Survivor recounts chaos, screams, panic in Sudan jet crash
KHARTOUM, Sudan - Abdel-Menem Hassanein remembers the jetliner landing, and then the chaos - the blast, flames at the front of the plane, screams and the sounds of passengers uttering their last prayers.
The 75-year-old soon realized: The flight attendant at the back of the plane where he and his wife sat could not open the exit door.
"Many things were happening at once . . . people rushed toward the only open door at the front," he said. He hurried there, pushed his wife out the open exit, and onto the emergency slide - past the flames - and then followed her.
The couple and more than 170 others escaped the inferno on the Sudan Airways flight Tuesday night that killed at least 30 people.
"If I didn't keep my cool, we both would have been finished," Hassanein yesterday by telephone from his home outside Khartoum.
The jet skidded off the runaway at Khartoum International Airport and rammed into lights used by pilots to navigate when landing in bad weather, sparking a fire on the aircraft's right side, said police spokesman Major General Mohammed Abdel Majid Al-Tayeb.
The blaze raged for hours, eventually splitting the plane in two, before firefighters put it out. A flight attendant was killed, 178 escaped, and six people remain unaccounted for, Sudan Airways said.
An investigation into the accident is underway. The airport has reopened.
Airbus said it was sending in specialists to help with the inquiry. It said the plane in the accident was 18 years old and had been operated by Sudan Airways since September. Because the plane was made by France-based Airbus, French officials are investigating.
The Airbus A310 is a twin-engine, widebody plane used by a number of carriers around the world. Typically configured with about 220 seats, it is a shorter version of the popular A300.
Sudan has a poor aviation safety record and has many small airlines that service Africa's largest country. Three years ago, the government said it planned to build a new airport outside of the city center by 2010. It remains in the planning phase.

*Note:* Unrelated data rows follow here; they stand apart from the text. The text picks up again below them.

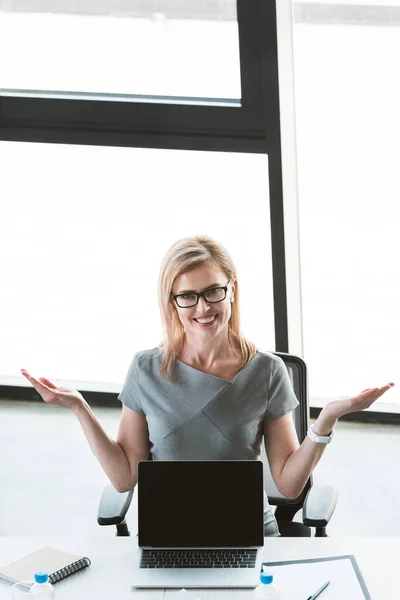 Hochwinkelaufnahme Einer Fröhlichen Geschäftsfrau Mit Brille Die Laptop Mit Leerem — Stockfoto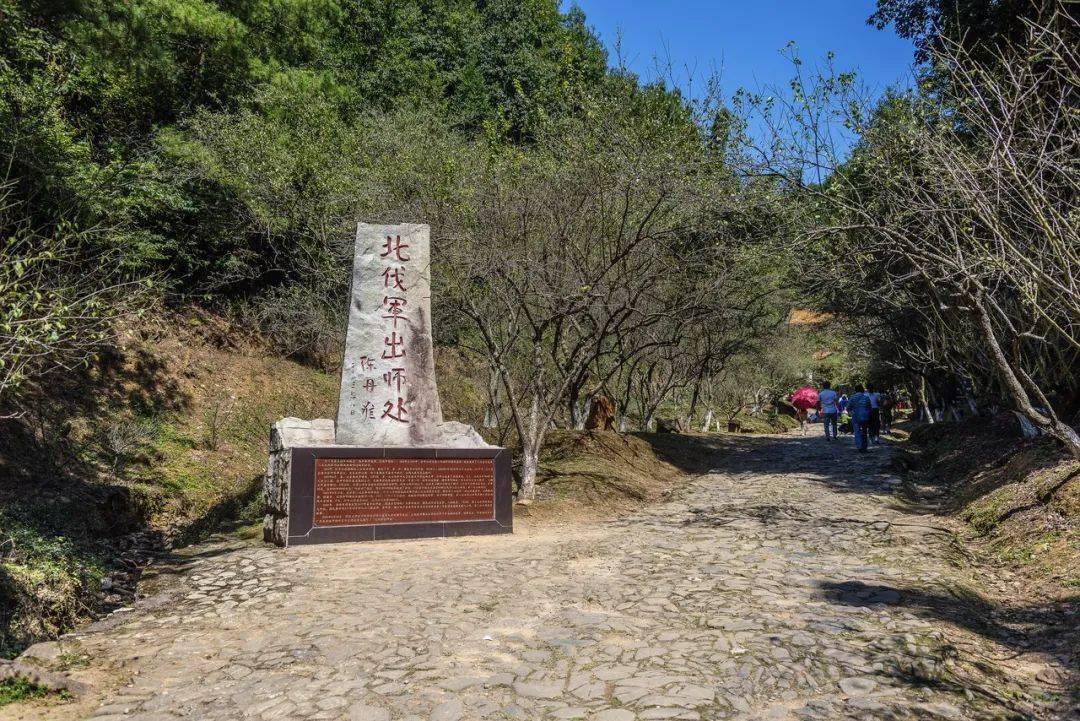 梅关古道北伐军出师处△梅岭山上看江西大余县梅关古道是全国保存得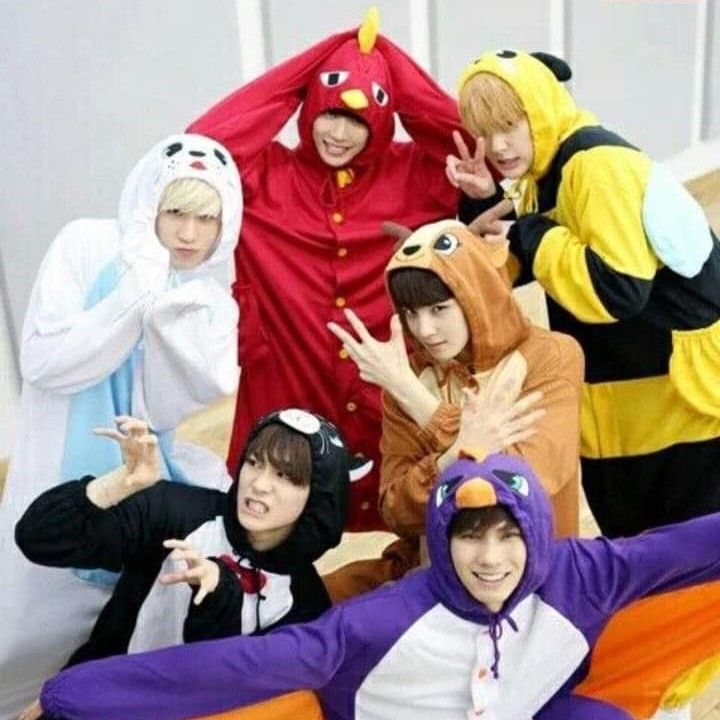 A moment captured by a fan of Cha Eunwoo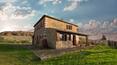 Toscana Immobiliare - Casolare tipico toscano con piscina in vendita posizione panoramica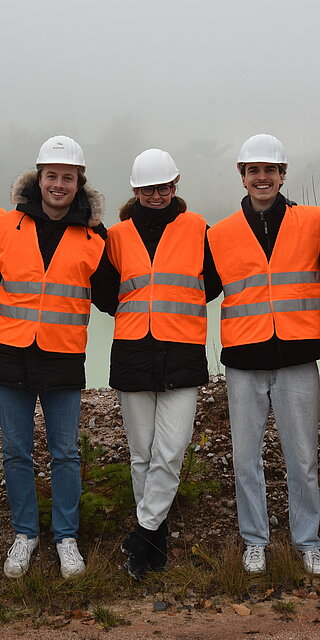 Gruppenfoto im Freien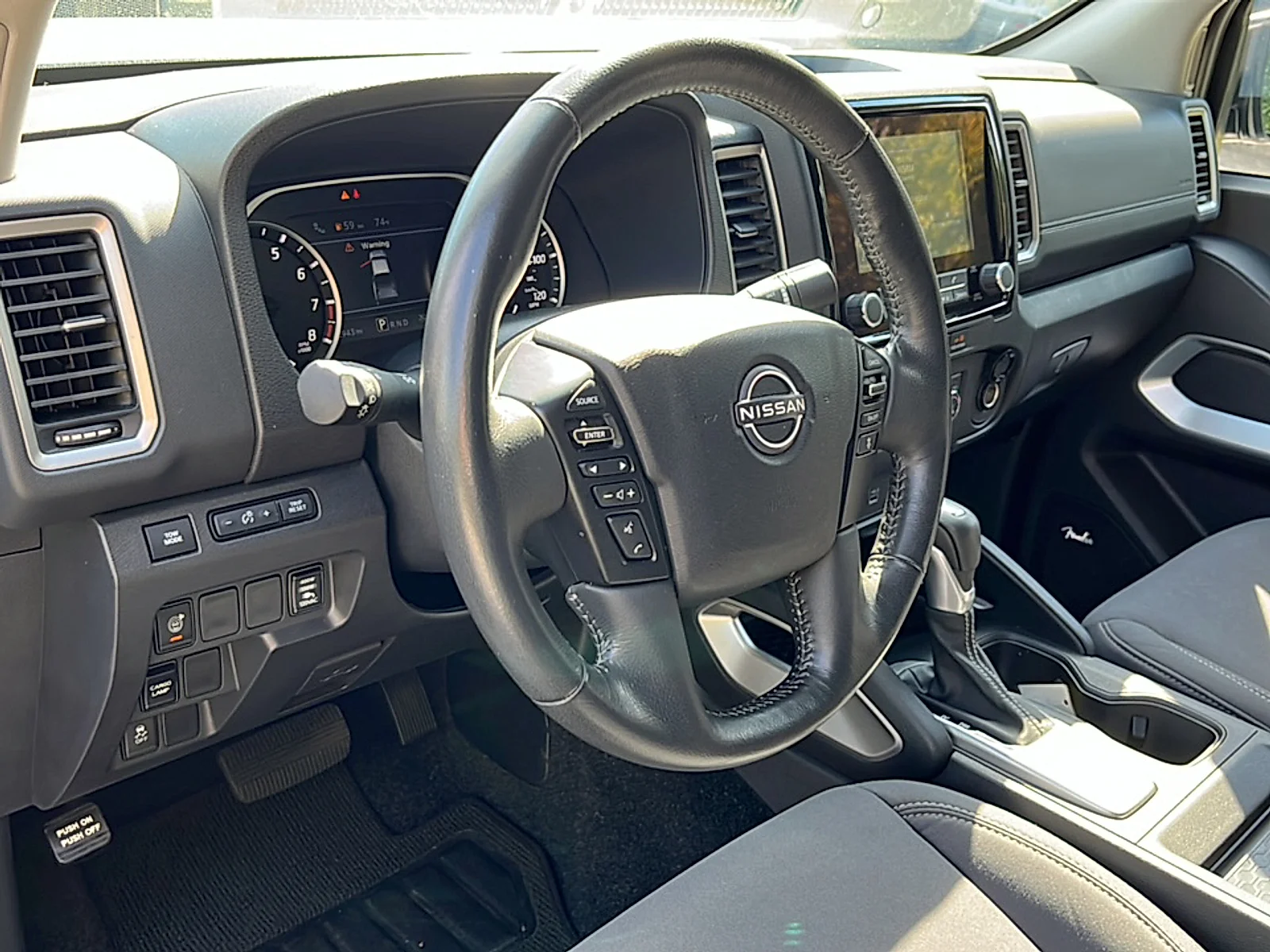 Used 2024 Glacier White Nissan Crew Cab SV 4x2 image 7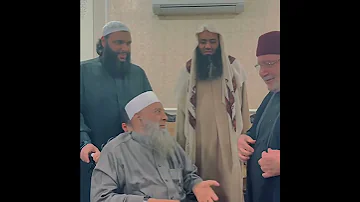 الدكتور راتب النابلسي يقبل يد الشيخ الحويني 
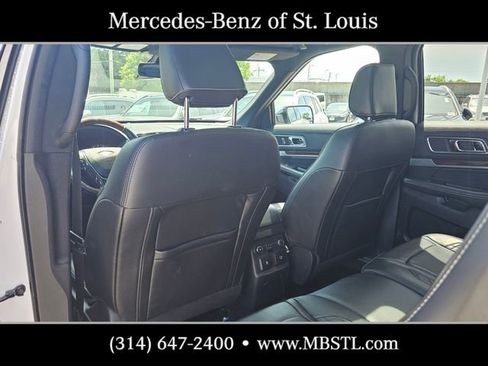 Used 2019 Ford Explorer Platinum AWD/4WD image 17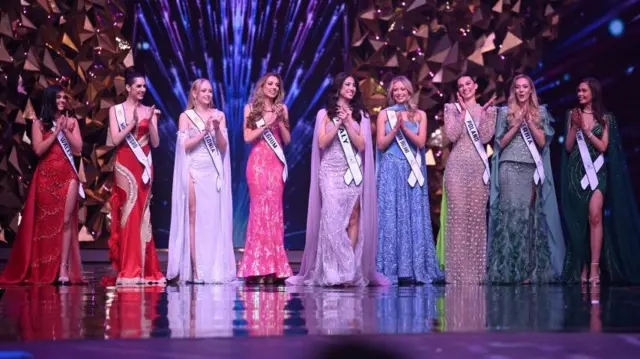 పోటీదారులు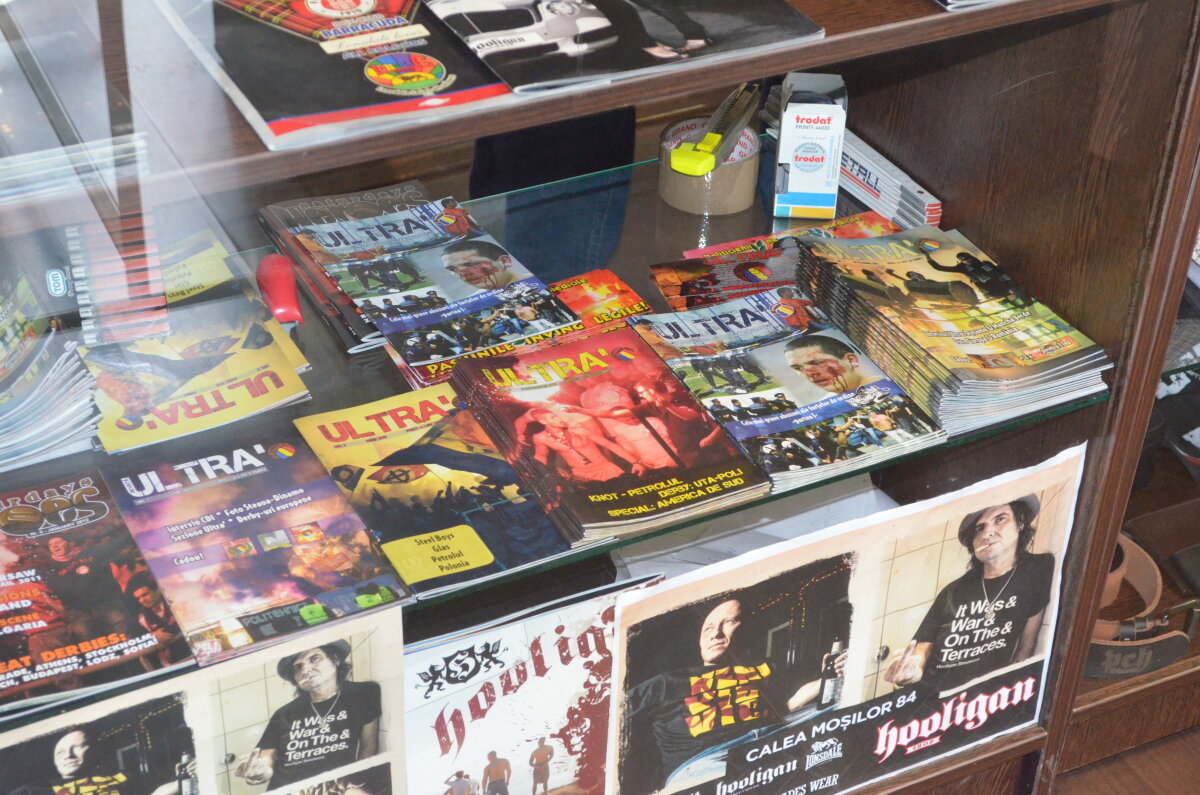Ultraşii din galerii au rămas fără singurul magazin dedicat » Shopping interzis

In May, a plane crash in a remote area of southern Sudan killed 24 people, including key members of the southern Sudanese government. In 2003, a Sudan Airways traveling from Port Sudan to Khartoum crashed soon after takeoff, killing all 115 people aboard.
Tuesday's flight touched down as thunderstorms pounded the city, but reports differed on the weather's role in the accident.
The head of Sudanese police, Mohammad Najib, said bad weather "caused the plane to crash land, split into two and catch fire."
But Youssef Ibrahim, the Khartoum airport director, blamed the accident on technical problems, saying one of the engines blew up.
Because of the bad weather in Khartoum, the aircraft stopped at Port Sudan Airport along the Red Sea, refueling before heading to Khartoum. The flight originated in Amman, Jordan, and stopped in Damascus, Syria.
Hassanein, who was returning from Damascus after a family vacation, said bad weather delayed the flight by three hours.
When the jet landed, "everything was OK. Then all of a sudden, there was a loud sound, maybe an explosion, as if it hit something," he said. The plane came to a halt and veered to the right before he saw a fire on the right side of the plane. "It was panic. People were screaming, shouting God is great and uttering their last prayers," he said.